Wow. If you were my son, I would've definitely cried and given you a hug. However I am not your parent (obviously), so I do not know how yours will react. However this message clearly came from your heart. It is a letter that is very freeing and personal, and I believe will be a good first communicator, if you will send it. I hope for the very best for you.
The one to Mum now. Thanks for the support I'm going to sleep on it, and I'll either email them in the morning, or tell them face-to-face at breakfast, then give them the letters. Writing them has helped me straighten out my thoughts, which might help there.
Before you send it I just wanted to point out that you said her instead on him in refering to your dad. I'm guessing you just changed up the one to your dad and forgot to change that. Other than that i think that they sound really good and are from the heart. Good luck!

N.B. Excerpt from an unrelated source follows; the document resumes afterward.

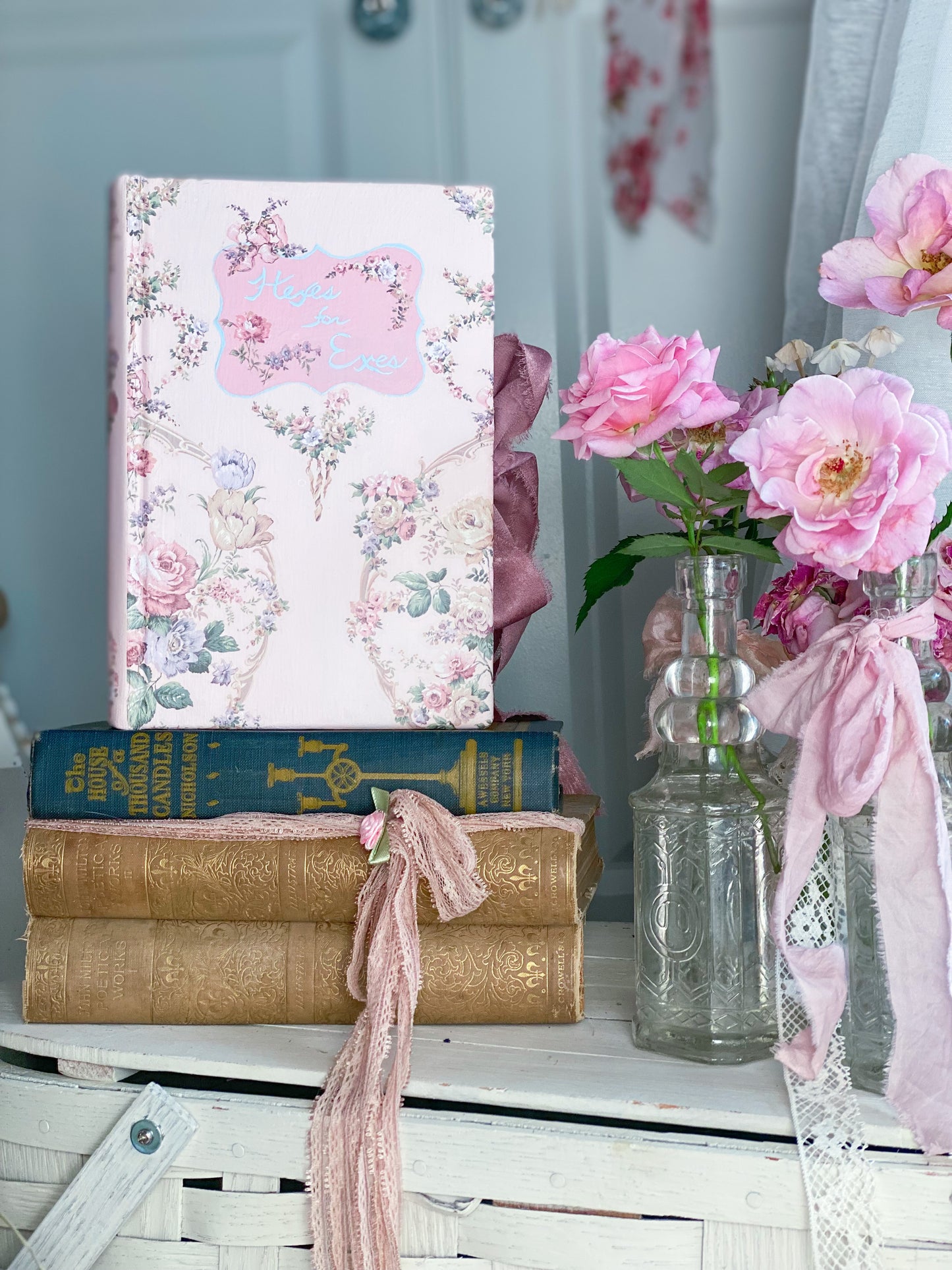 Pink and Blue Bespoke Hand painted Upcycled Floral Book - Hexes For Exes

Indeed I did, thanks; I'll proof read them again anyway. I'm seriously tempted now to change them appropriately, and hand them both to them at breakfast, so that I know they get them at the same time.

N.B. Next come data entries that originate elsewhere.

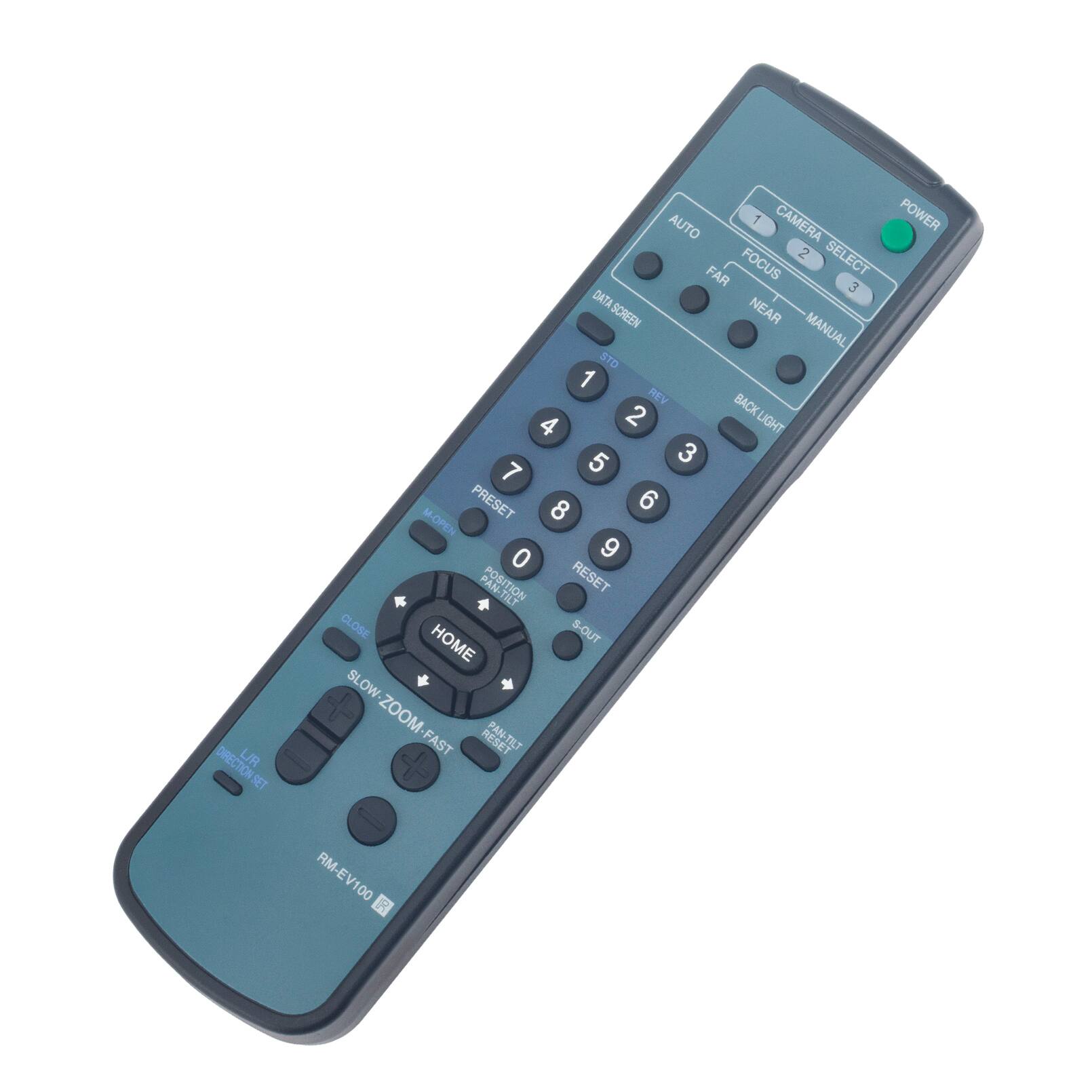 DIRECTION  
LIR SET  
AUTO 1  
CAMERA POWER 2  
SELECT FAR FOCUS 3  
DATA SCREEN NEAR MANUAL STO 1  
REV BACK 4  
2 LIGHT 5  
3 7 PRESET 8  
6 M-OPEN 0  
9 POSITION RESET CLOSE S-OUT HOME SLOW ZOOM PAN-TILT FAST  
RM-EV100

Thanks everyone. I guess this would be better put in the Coming Out Stories section, but it doesn't really make for much of a story. I didn't do it by email, and I didn't do it at breakfast either. I eventually got round to it about an hour ago, (well) after dinner, and handed them each a printed copy of what was going in the email, mildly edited to work that way. I handed it to them, they read it, and then basically said nothing... the whole situation was a bit awkward. The upshot of it is my mum says she's known for a while, my dad says it was a surprise. My mum is, as I expected her to, clearly worrying that I'll get AIDS or beaten up in the street, though she claims she'd have worried about that anyway. My dad is a bit indifferent, again, sort of as I expected. While I don't see them going out and buying a rainbow flag for me, I think things are okay. It was very awkward though: I have never discussed anything like this before, and my father clearly didn't really know how to react to me talking about anything as private as this. To be fair, the whole business has only confirmed what I thought I knew about them. Damn though, those letters were too thorough really; since I'd explained everything in them they only had embarrassing questions like - "when did you find out", or "so you've never been attracted to females then, but you have to males". My mum's explanation of how she knew was the most embarrassing thing though, she'd managed to read into things I hadn't even been aware of :s over-read into it really, and just happened to come up with the right conclusion. I have every confidence that it will get better, but I wish everyone wasn't so awkward about it. This must be the English stiff-upper-lip they talk about...
It will get better! I am so proud of you. Life moves on, and you will still be their son. I kind of knew, based on what you have said about your parents, that the reaction would be this way. It's always an awkward subject to talk about, but you can finally be the true you in front of them. Very happy for you, and I find your courage extremely inspiring.